But what if you could gauge the crucial point when an unpopular idea starts to turn?

What if you could see unusual money starting to flow in?

Smart money coming into off-the-radar ideas is a major alert for me.

That’s probably the biggest realisation I’ve ever come to in my investing career.

I love a well thought out idea as much as the next person. I love quality research. I love to try and work out how the economy works and what the next big stock is going to be.

But to make money out of it all, I reckon you just need to monitor one thing.

Money flow.

Where the money is heading will determine what the next big trend is.

Especially at potential turning points, like in today’s markets.

Will it be into gold? Money flow will tell you.

Will it be back into tech stocks as people buy the dip? Money flow will tell you.

Will it be into resources stocks as a huge infrastructure boom gets underway in China, India and the US? Money flow will tell you.

Or will there be a massive recession and cash will once again be king? Or maybe bitcoin? Money flow will tell you.

Opinions certainly won’t.

Sounds too simple?

Well check out this chart:



chart image

Source: Bloomberg
Click to enlarge


It shows the performance of the Us S&P 500 versus the Bloomberg Smart Money Flow Index over a 15 year cycle.

This index tries to measure what the professionals are doing rather than the ‘dumb’ money of retail investors.

As you can see, the smart money (the blue line) tends to lead the general market (the red line). They’re buying before peaks. And selling at them.

In other words, the pros invest before the fact!

Scary, eh?

How do they do it?

There’s lots of reasons they have this advantage.

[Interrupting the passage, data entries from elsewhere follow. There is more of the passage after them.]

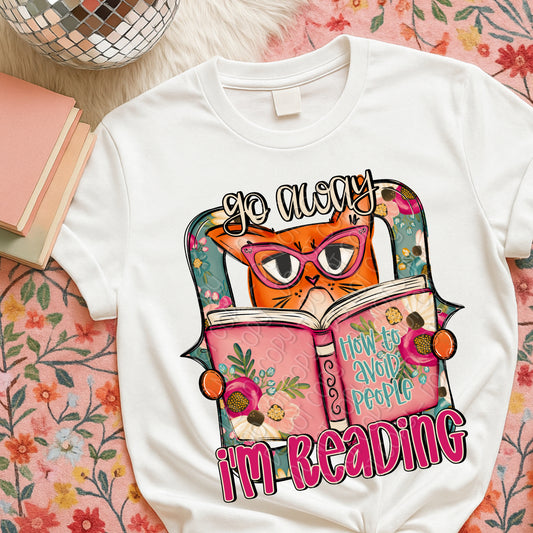 Go Away I'm Reading 1 - 2026 Digital PNG Design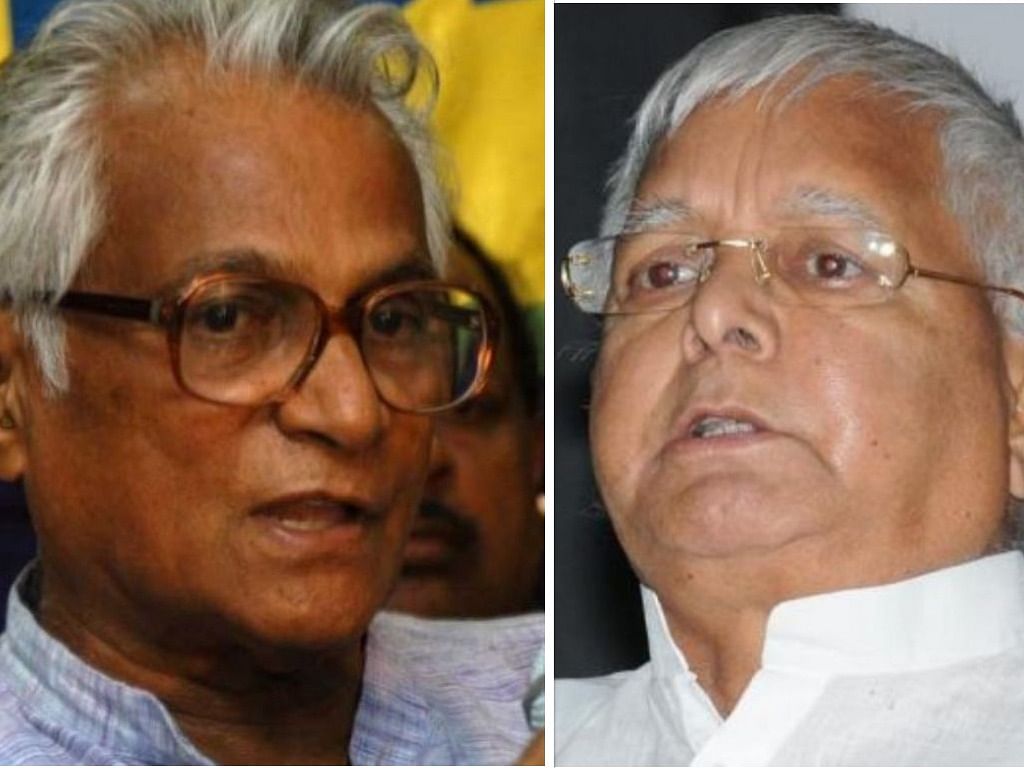 Fernandes and Prasad had a running battle when they were in erstwhile Janata Dal and it had led to the former's exit along with now Bihar Chief Minister Nitish Kumar and others. DH file photos. 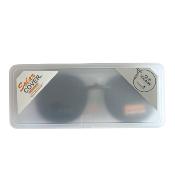 Face polarisée non relevable ronde gris pour monture plastique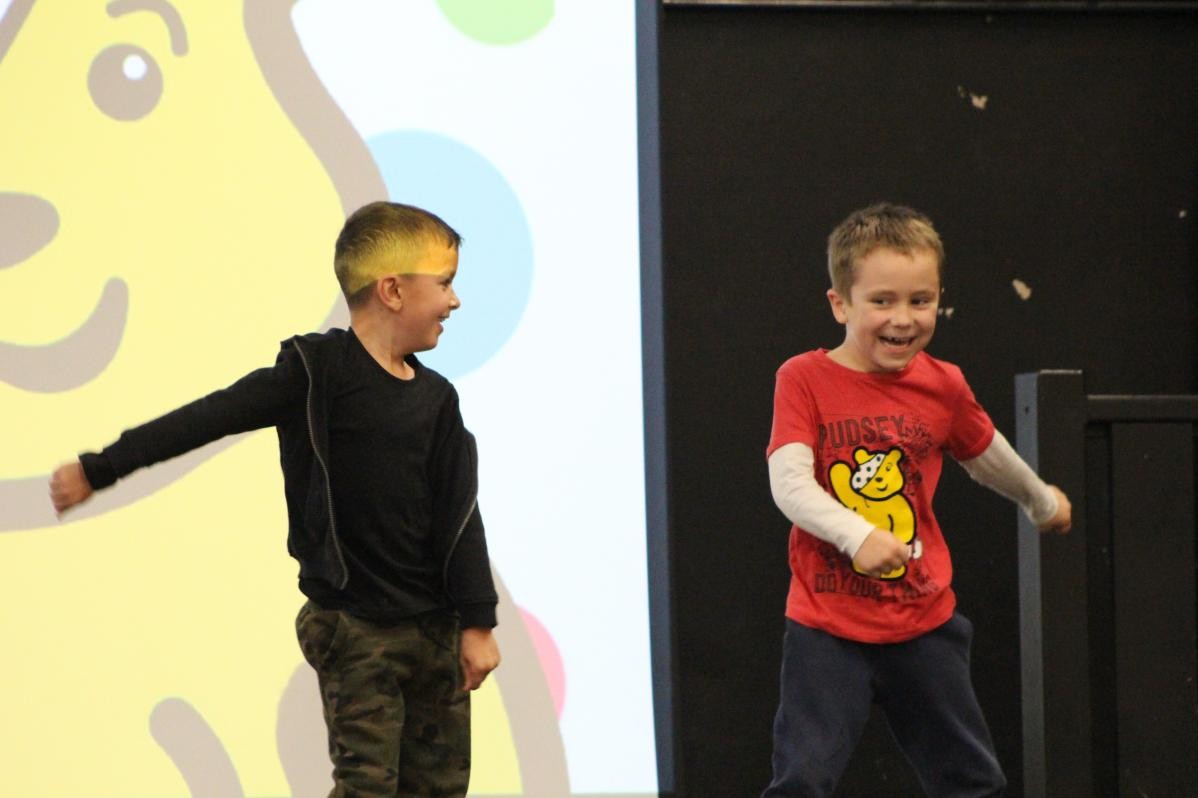 Showcasing individual skills and talents in the annual talent show. 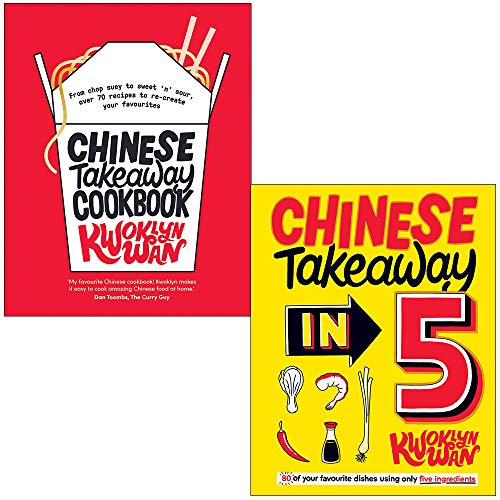 Stock image for Chinese Takeaway Cookbook & Chinese Takeaway in 5 By Kwoklyn Wan 2 Books Collection Set for sale by GF Books, Inc.
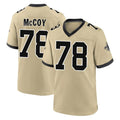Jdoa NO.Saints #78 Erik McCoy Player Gold Home Game Stitched Jerseys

And I’ve just launched a small-cap investment service that will explain this in detail.

Including how you can invest alongside this smart money.

The system looks for small-caps with humungous potential just as smart money is starting to flow into them.

I think in this time of flux it will tell us where to start moving your hard-earned dollars. After all, no matter the market, there’s always a small business thriving somewhere.

If you can find them.

Watching money flow is the key to navigating through times like this.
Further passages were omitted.